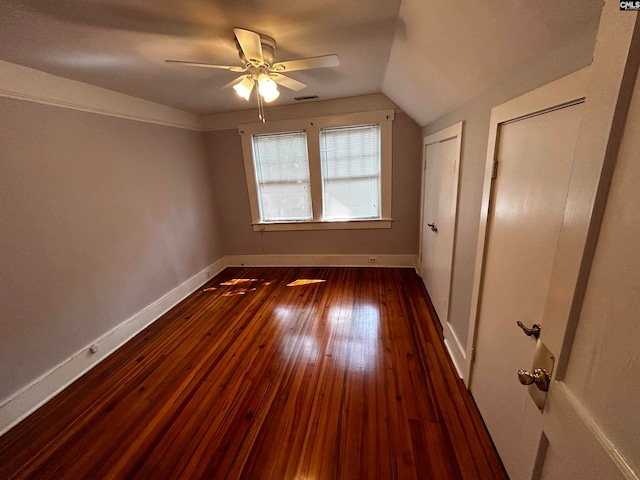 additional living space with lofted ceiling, ceiling fan, and dark hardwood / wood-style floors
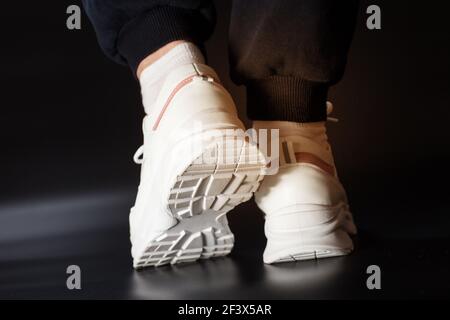 Un ensemble de baskets blanches pour femme à la salle de gym pour femme gros plan sur fond noir. Banque D'Images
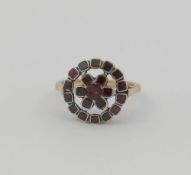A 19th century garnet circular cluster ring, the stones in closed back silver setting, in a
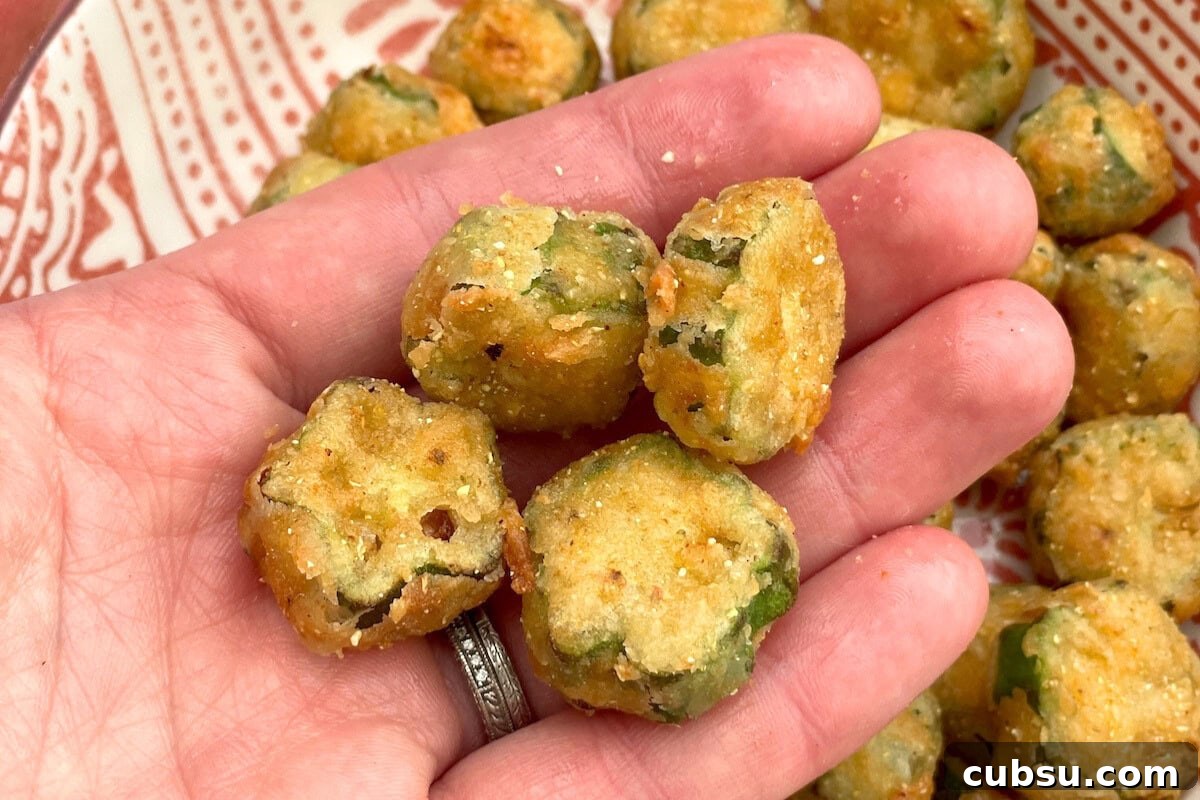 8 Must-Try Okra Recipes to Savor Before Summer Ends 10 A hand holding several golden-brown, crispy vegetable bites, with a patterned plate of more bites in the background.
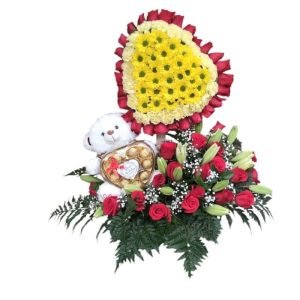 Arreglo en forma de corazón con 60 rosas rojas, margaritas amarillas, lirios blancos, follaje y peluche con chocolates Ferrero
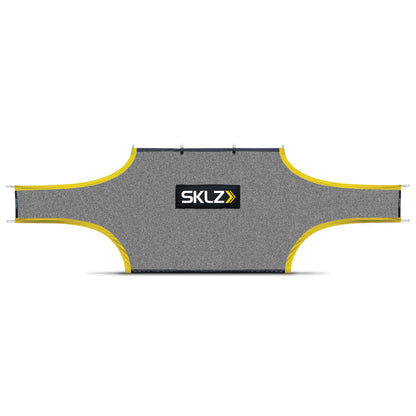 The inflatable ski jump inflates on a flat surface with a SKLZ logo in the center
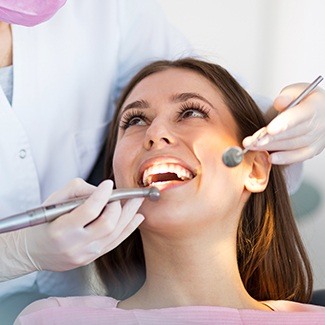 Woman in dental chair receiving restorative dentistry treatment in Dallas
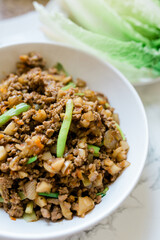 A Yummy Bowl of Stir-Fried Ground Chicken and Lettuce in the Background. 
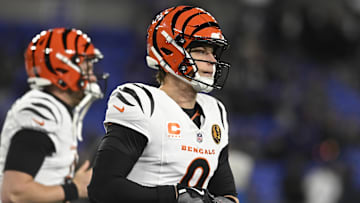 Nov 27, 2025; Baltimore, Maryland, USA;  Cincinnati Bengals quarterback Joe Burrow (9) adjust his gloves while running on the field before the game against the Baltimore Ravens at M&T Bank Stadium. Mandatory Credit: Tommy Gilligan-Imagn Images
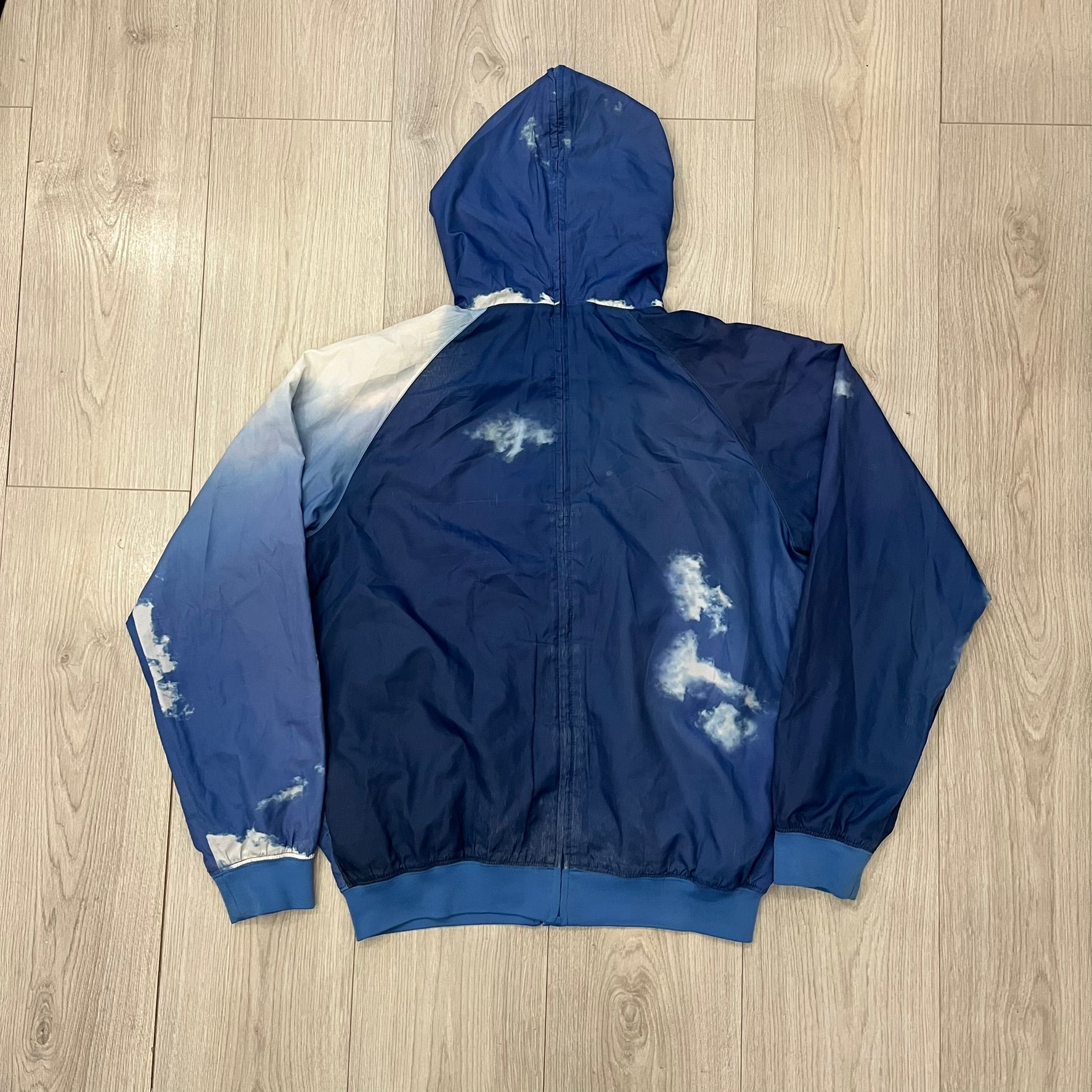 Nike Cloud Day Split Windbreaker from the 2010s in full blue with a photorealistic all-over cloud print. Features dual zippers on the front and back, allowing the jacket to split in half and merge with other compatible pieces. Made from 100% nylon.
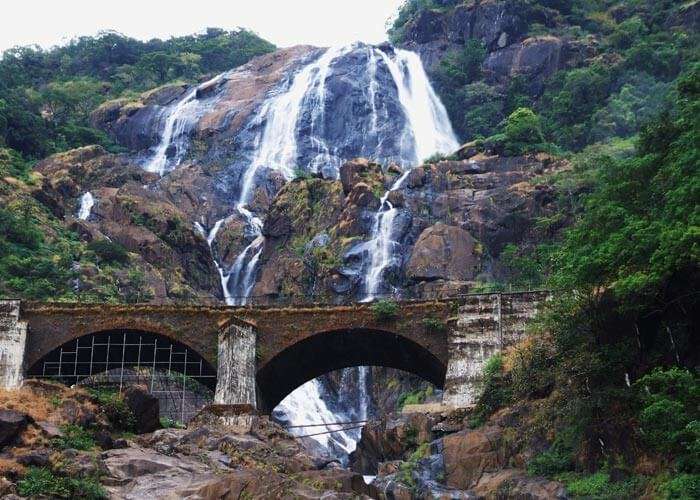 The railway bridge in front of the majestic Dudhsagar falls in Goa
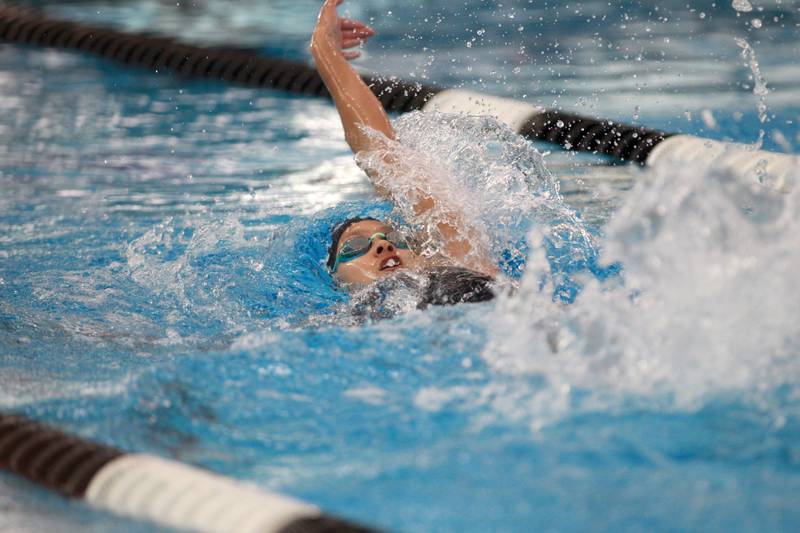 Lincoln-Way East’s Jaya Veerapaneni competes in the 100-yard backstroke championship heat during the IHSA Girls State Swimming and Diving Championships at the FMC Natatorium in Westmont on Saturday, Nov. 11, 2023.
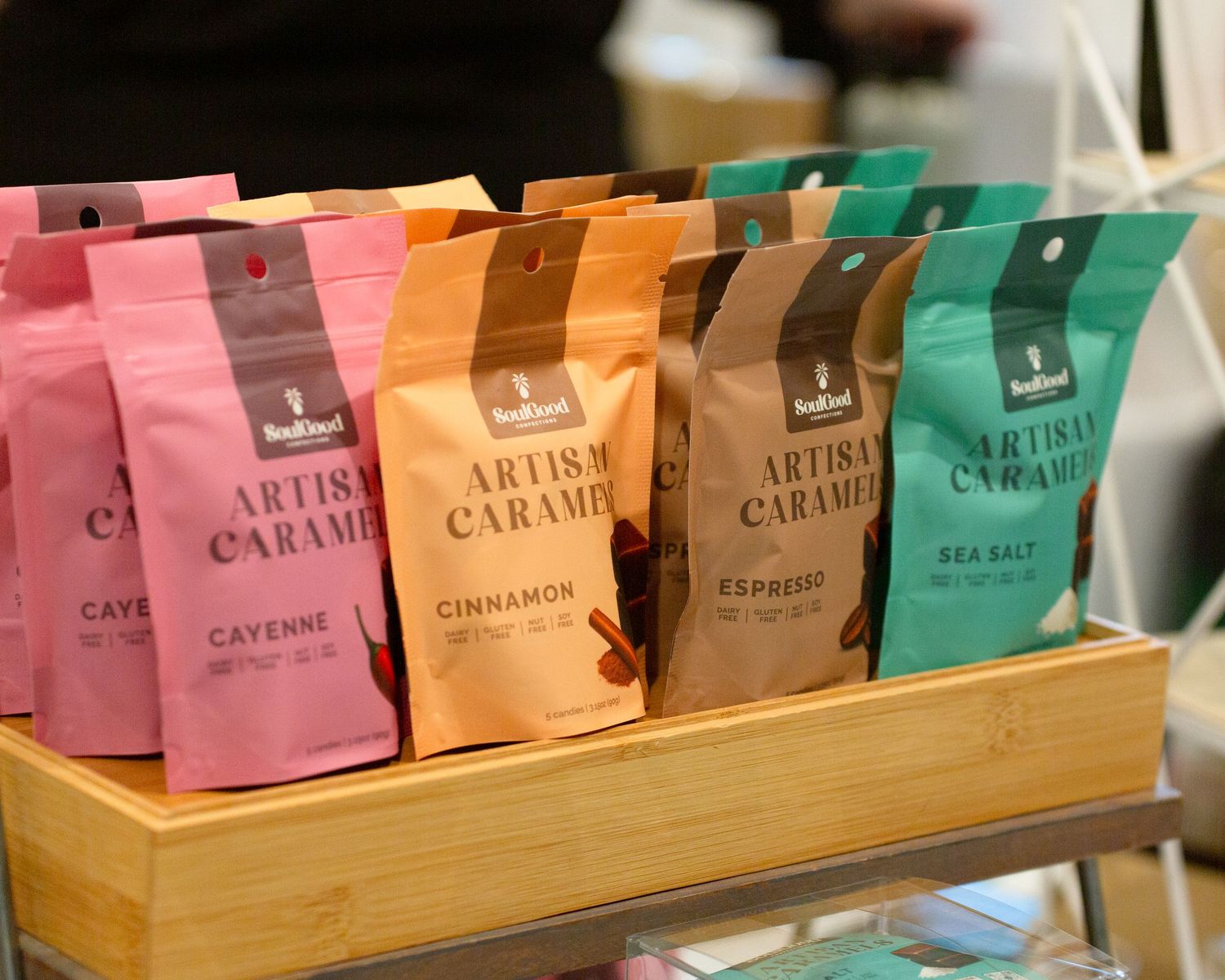 Assorted artisan caramel bags in pink, orange, and teal flavors including cayenne, cinnamon, espresso, and sea salt on display.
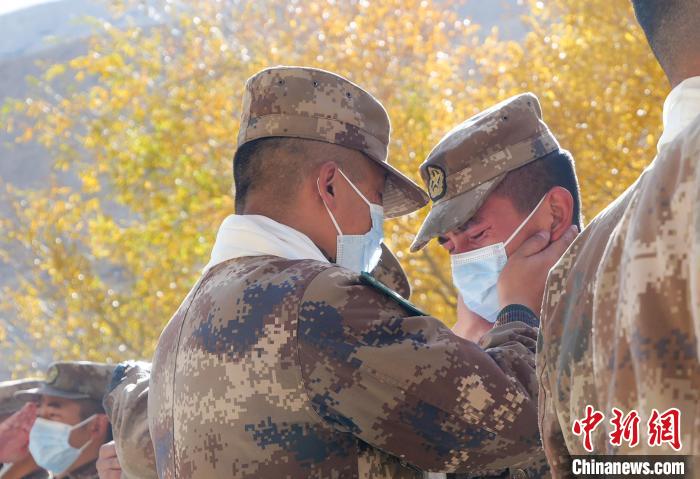 圖為什布奇邊防連退伍老兵與戰(zhàn)友相擁而泣，依依惜別?！⌒觳?攝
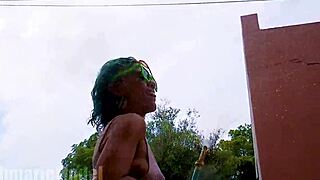 Check out this hairy latina flashing pussy and ass at carwash.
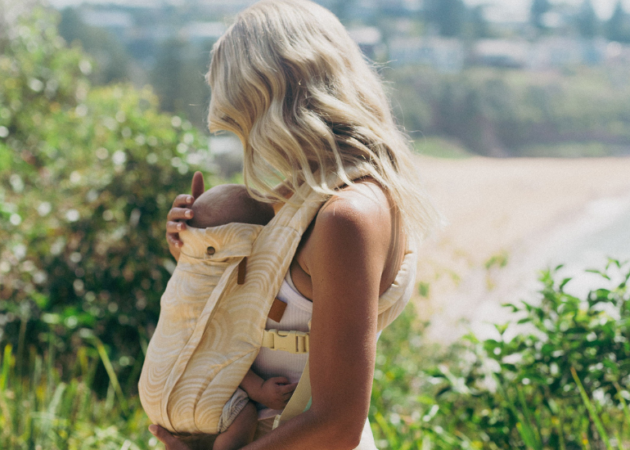 women holding baby with Sia baby carrier, backdrop is of greenery overlooking a beach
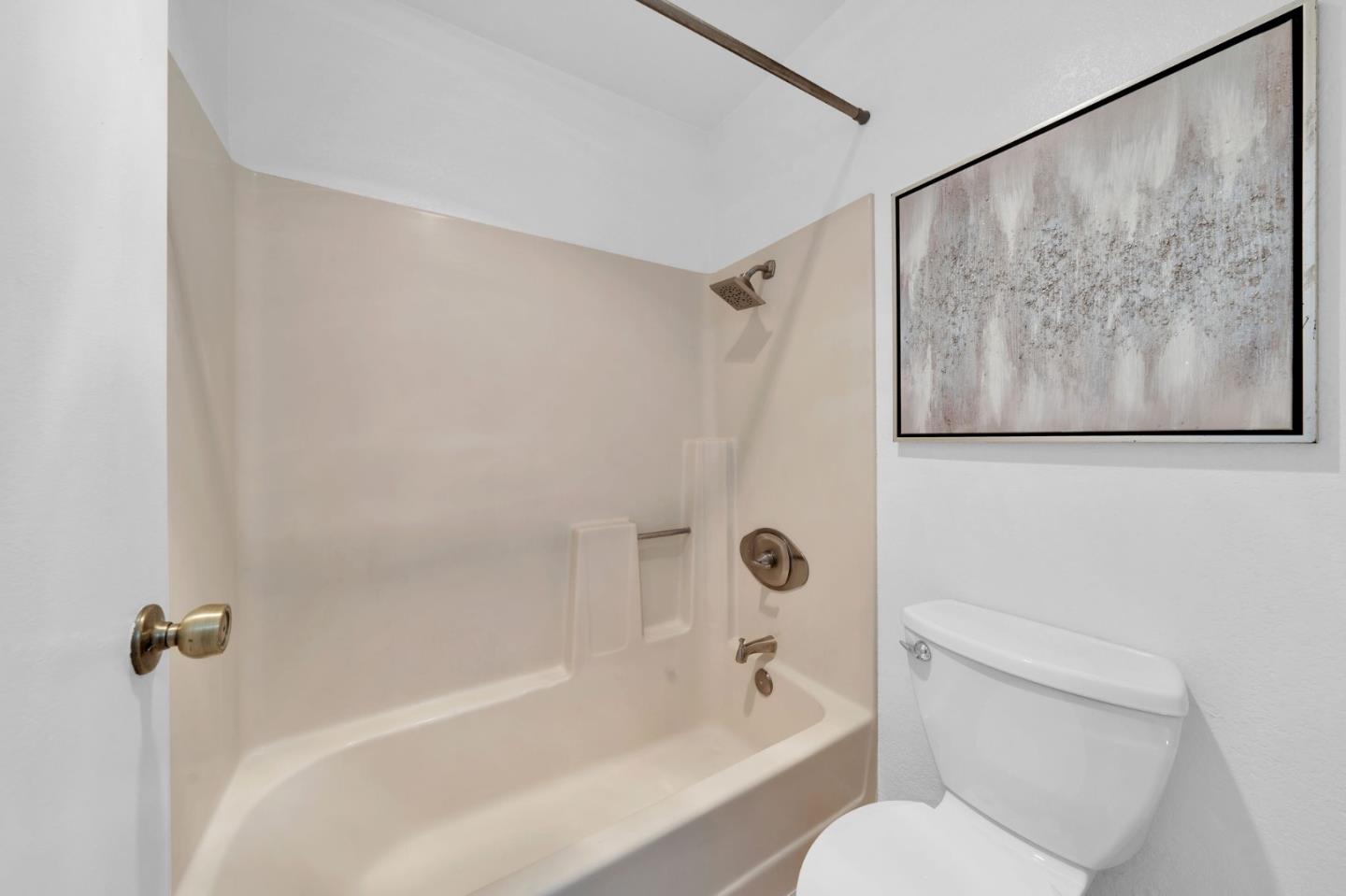 244 Stonegate Circle San Jose, CA 95110 - Photo 23 of 38 a bathroom with a bathtub and shower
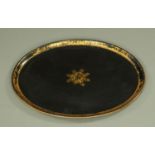 An early 19th century papier mache oval tray, with gilt medallion to centre and gilded borders,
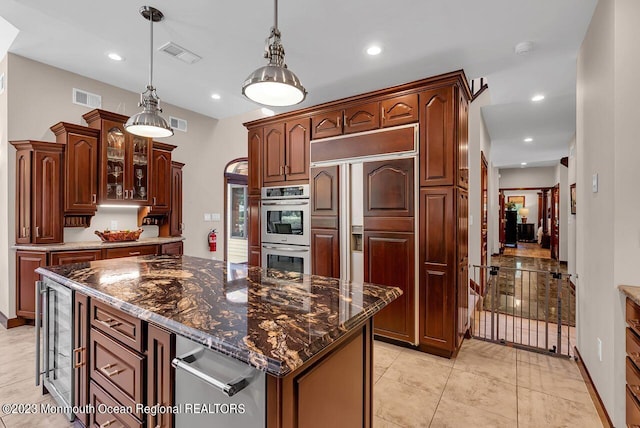 kitchen featuring double oven, beverage cooler, visible vents, and glass insert cabinets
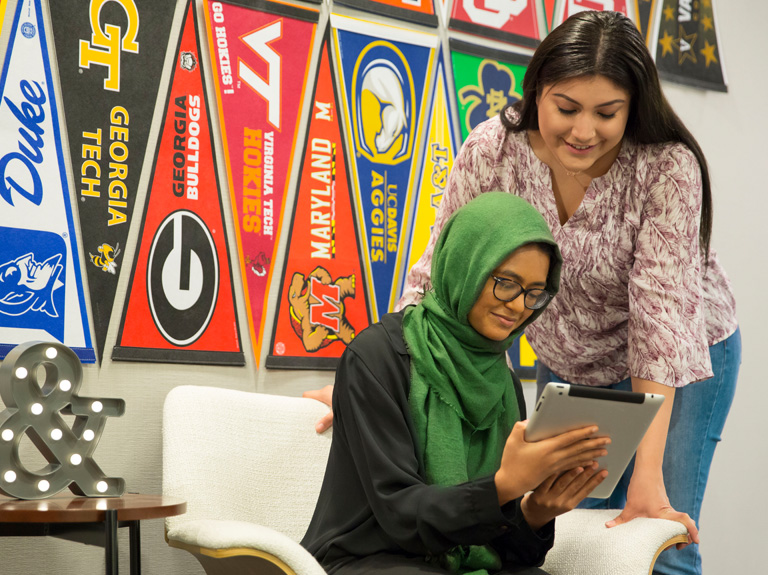 Two women look on at a tablet together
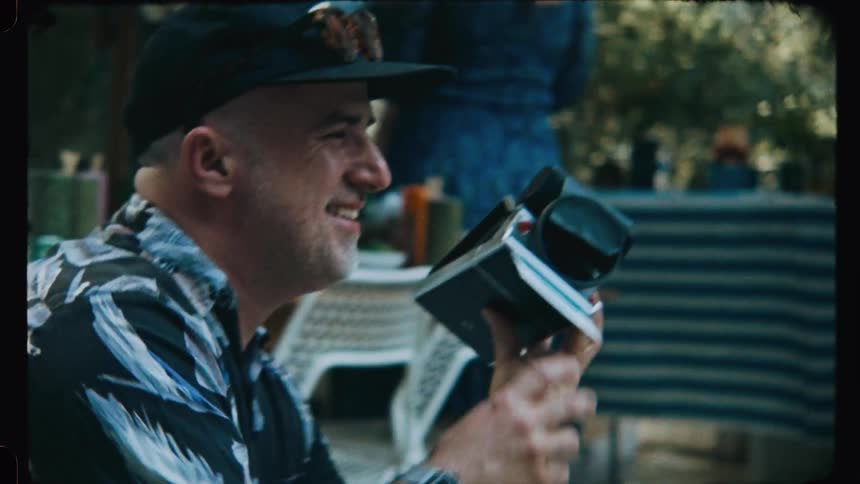 Smiling man photographing with a vintage camera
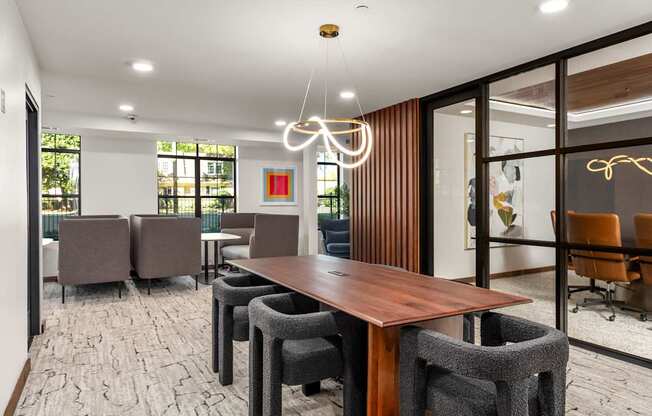 A conference room with a long table and chairs.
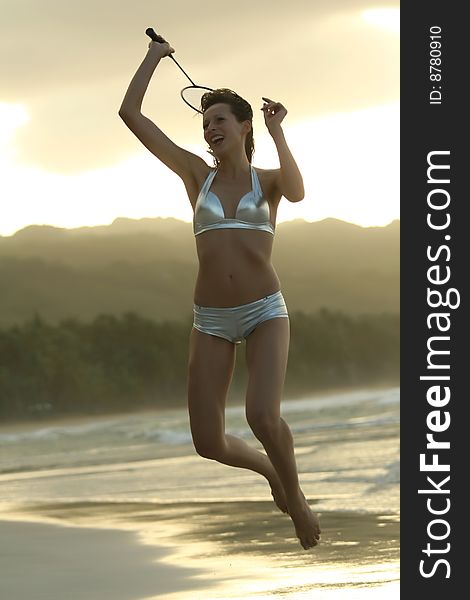 Woman playing badminton on the beach by sunset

═══

▶ [Work to be completed] Only the lines from the one with "Two women look on at a tablet together" through the final line of the data should be written out, exactly and including both ends. Skip the pictures.

▶ [Your solution]
 Two women look on at a tablet together
 Smiling man photographing with a vintage camera
 A conference room with a long table and chairs.
 Woman playing badminton on the beach by sunset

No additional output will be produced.